Chef Louis Maldonado of h2hotel’s SPOONBAR has been tapped to open a new wood-fired pizzeria at sister property HOTEL HEALDSBURG in August. Dubbed Pizzando, it looks to be more than just another upscale pizzeria, with former A16 chef Liza Shaw consulting on the menu. Also involved is Paolo Petron of Mill Valley’s venerable PIAZZA D’ANGELO, whose hospitality group manages Hotel Healdsburg, h2hotel, and Spoonbar. Hotel Healdsburg also houses Charlie Palmer’s DRY CREEK KITCHEN.

Want to get an advance look? Maldonado will preview the menu at a series of bimonthly pop-ups inside Spoonbar beginning Wednesday June 27th.
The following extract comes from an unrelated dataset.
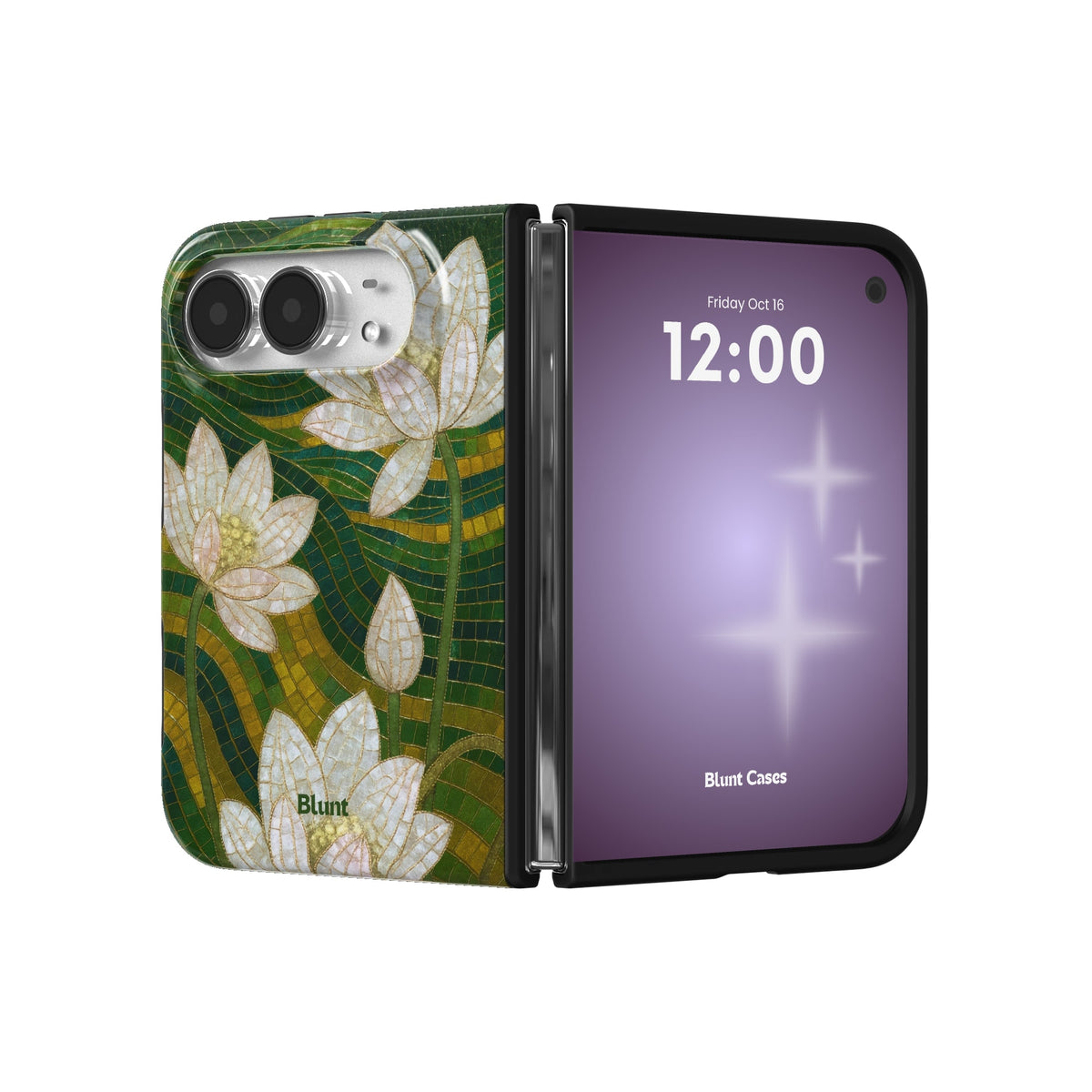 water-lily-iphone-case iPhone 18 Duo case, view 3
Expect gourmet pizza (made in a portable Mugnaini oven, natch) with stinging nettles, burrata, lardo, or hen-of-the-woods mushrooms; fried chicken; the chef’s own take on spaghetti carbonara; and grilled romaine hearts to make appearances. The three-course tasting menu, $32, is served family style. Limited seatings by reservation. 219 Healdsburg Ave. at Westside Rd., Healdsburg, 707-433-7222.

Meanwhile, longtime Cal-Ital trattoria BOVOLO is pulling up stakes from its downtown Healdsburg location at 106 Matheson Street. Co-owner John Stewart, also of ZAZU RESTAURANT + FARM, says they’ll be moving to the nearby DAVIS FAMILY VINEYARDS tasting room. 52 Front St. at Hudson, Healdsburg, 707-433-3858.

In St. Helena, it seems it’s never too early to start thinking about Christmas. The RESTAURANT AT MEADOWOOD has announced its annual TWELVE DAYS OF CHRISTMAS chef and vintner lineup for 2012 with some sparkling-bright names attached. The luxe eat-and-drink-a-thon and benefit pairs Michelin-starred chef Christopher Kostow with esteemed toques. Beginning with chef Scott Anderson of New Jersey’s ELEMENTS on December 7th, the list includes Jason Franey of Seattle’s CANLIS, Oakland’s James Syhabout of COMMIS, and Josh Habiger and Erik Anderson of the CATBIRD SEAT in Nashville. Vintners participating in the dinners include PHILIPPE MELKA and Bill Harlan of BOND. 900 Meadowood Lane, St. Helena. Tickets start at $1,240 (includes lodging and dinner for two), and reservations can be made by calling 707-967-1205.